Example implementation and usage:

class MyAvgMetricReducer(estimator.MetricReducer):
    def __init__(self):
       self.sum = 0
       self.counts = 0

    def accumulate(self, metric):
        self.sum += sum(metric)
        self.counts += 1
        return self.sum, self.counts

    def cross_slot_reduce(self, per_slot_metrics):
        # per_slot_metrics is a list of (sum, counts) tuples
        # returned by the final self.accumulate() on each slot
        sums, counts = zip(*per_slot_metrics)
        return sum(sums) / sum(counts)

def my_estimator_model_function(features, labels, mode):
    ...
    if mode == tf.estimator.ModeKeys.EVAL:

        my_avg_prediction = context.make_metric(
             metric=predictions, reducer=MyAvgMetricReducer(), numpy_dtype=np.float32
        )

        return tf.estimator.EstimatorSpec(
            mode,
            loss=loss,
            eval_metric_ops={"my_avg_prediction": my_avg_prediction},
        )

See also: context.make_metric().

abstract accumulate(metric: Any) Any#

accumulate is called for each batch in the evaluation dataset. Batches will be distributed across slots, so accumulate will be called many times on each slot.

accumulate should return the accumulated state. After evaluation is complete, the final return value of accumulate will become an element of the per_slot_metrics argument to cross_slot_reduce.

In the example of the calculating a distributed mean, accumulate might keep a running sum and a count of metrics received:

def accumulate(self, metric):
    self.sum += metric
    self.count += 1
    return self.sum, self.count
abstract cross_slot_reduce(per_slot_metrics: List[Any]) Any#

cross_slot_reduce is called on the list of results from the final call to accumulate on each slot. per_slot_metrics will be a list of length N, where N is the number of slots in the trial (or 1 in non-distributed training). cross_slot_reduce must return the final metric.
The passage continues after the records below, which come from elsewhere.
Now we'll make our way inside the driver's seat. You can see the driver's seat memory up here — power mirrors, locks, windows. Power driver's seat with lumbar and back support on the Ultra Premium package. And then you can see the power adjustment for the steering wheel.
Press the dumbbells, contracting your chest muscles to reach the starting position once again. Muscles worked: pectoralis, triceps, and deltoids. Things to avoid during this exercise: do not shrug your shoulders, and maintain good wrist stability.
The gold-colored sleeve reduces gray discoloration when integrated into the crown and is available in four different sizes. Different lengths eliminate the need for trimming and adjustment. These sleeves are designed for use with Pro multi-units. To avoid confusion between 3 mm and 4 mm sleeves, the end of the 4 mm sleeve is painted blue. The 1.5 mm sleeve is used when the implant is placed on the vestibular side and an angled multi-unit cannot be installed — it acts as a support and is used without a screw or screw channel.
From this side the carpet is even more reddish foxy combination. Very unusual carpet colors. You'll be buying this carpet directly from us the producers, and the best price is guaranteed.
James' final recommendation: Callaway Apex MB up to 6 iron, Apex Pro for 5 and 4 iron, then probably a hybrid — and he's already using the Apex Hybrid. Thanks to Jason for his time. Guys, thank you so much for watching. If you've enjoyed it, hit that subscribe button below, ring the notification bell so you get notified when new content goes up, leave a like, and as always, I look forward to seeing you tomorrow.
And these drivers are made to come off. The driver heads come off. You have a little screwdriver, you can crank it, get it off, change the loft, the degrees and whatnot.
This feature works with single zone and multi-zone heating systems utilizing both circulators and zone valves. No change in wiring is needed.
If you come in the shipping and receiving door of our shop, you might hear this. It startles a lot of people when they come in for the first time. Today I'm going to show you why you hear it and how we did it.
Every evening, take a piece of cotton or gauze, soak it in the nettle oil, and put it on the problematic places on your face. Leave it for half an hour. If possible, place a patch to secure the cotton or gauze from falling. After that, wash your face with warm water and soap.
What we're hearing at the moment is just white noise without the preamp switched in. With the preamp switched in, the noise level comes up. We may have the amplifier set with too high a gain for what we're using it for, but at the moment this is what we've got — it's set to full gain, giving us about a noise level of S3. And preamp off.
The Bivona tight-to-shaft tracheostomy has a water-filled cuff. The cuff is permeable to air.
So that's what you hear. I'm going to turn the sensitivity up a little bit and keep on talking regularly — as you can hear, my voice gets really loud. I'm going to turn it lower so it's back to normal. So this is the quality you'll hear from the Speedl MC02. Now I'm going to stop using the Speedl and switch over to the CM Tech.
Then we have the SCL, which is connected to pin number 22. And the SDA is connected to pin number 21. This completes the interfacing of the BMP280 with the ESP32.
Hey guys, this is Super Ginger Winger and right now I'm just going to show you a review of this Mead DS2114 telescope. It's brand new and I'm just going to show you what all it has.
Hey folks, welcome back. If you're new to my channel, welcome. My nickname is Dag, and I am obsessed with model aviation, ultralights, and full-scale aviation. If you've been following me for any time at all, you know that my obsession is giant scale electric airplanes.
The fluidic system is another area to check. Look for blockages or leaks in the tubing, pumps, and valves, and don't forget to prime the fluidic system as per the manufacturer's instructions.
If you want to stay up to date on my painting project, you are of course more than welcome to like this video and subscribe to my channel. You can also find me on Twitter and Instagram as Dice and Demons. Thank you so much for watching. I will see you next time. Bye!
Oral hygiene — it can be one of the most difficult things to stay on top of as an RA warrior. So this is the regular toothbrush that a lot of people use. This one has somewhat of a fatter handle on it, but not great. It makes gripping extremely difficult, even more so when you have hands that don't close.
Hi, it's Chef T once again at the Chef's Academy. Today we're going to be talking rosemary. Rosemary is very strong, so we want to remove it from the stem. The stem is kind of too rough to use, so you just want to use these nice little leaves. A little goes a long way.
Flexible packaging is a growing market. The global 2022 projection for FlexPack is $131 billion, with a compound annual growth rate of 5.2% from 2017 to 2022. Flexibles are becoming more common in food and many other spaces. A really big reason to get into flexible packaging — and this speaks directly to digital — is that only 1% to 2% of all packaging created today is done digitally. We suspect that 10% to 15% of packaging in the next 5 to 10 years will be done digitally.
In the example of calculating a distributed mean, cross_slot_reduce might receive a list of (sum, count) tuples and it would calculate the overall mean.

def cross_slot_reduce(self, per_slot_metrics):
    sums, counts = zip(*per_slot_metrics)
    return np.array(sum(sums) / sum(counts))

determined.estimator.RunHook#

class determined.estimator.RunHook(*args, **kwargs)#

Abstract base class which extends SessionRunHook and is used to define callbacks that should execute during the lifetime of a EstimatorTrial.

Hooks should be passed in to Train Spec.

on_checkpoint_end(checkpoint_dir: str) None#

Run after every checkpoint.

Warning

If distributed or parallel training is enabled, this callback is executed only on the chief GPU (rank = 0) which performs the checkpoint.

on_checkpoint_load(checkpoint_dir: str) None#

Run at startup when the task environment starts up. If not resuming from checkpoint this is never called.

on_trial_close() None#

Run when the trial close. This is the place users should execute post-trial cleanup.

determined.estimator.load_estimator_from_checkpoint_path#

class determined.estimator.load_estimator_from_checkpoint_path(path: str, tags: Optional[List[str]] = None)#

Loads a checkpoint written by an EstimatorTrial.

You should have already downloaded the checkpoint files, likely with Checkpoint.download().

The return type is a TensorFlow AutoTrackable object.

Parameters
  • path (string) – Top level directory to load the checkpoint from.

  • tags (list string, optional) – Specifies which tags are loaded from the TensorFlow SavedModel. See documentation for tf.compat.v1.saved_model.load_v2.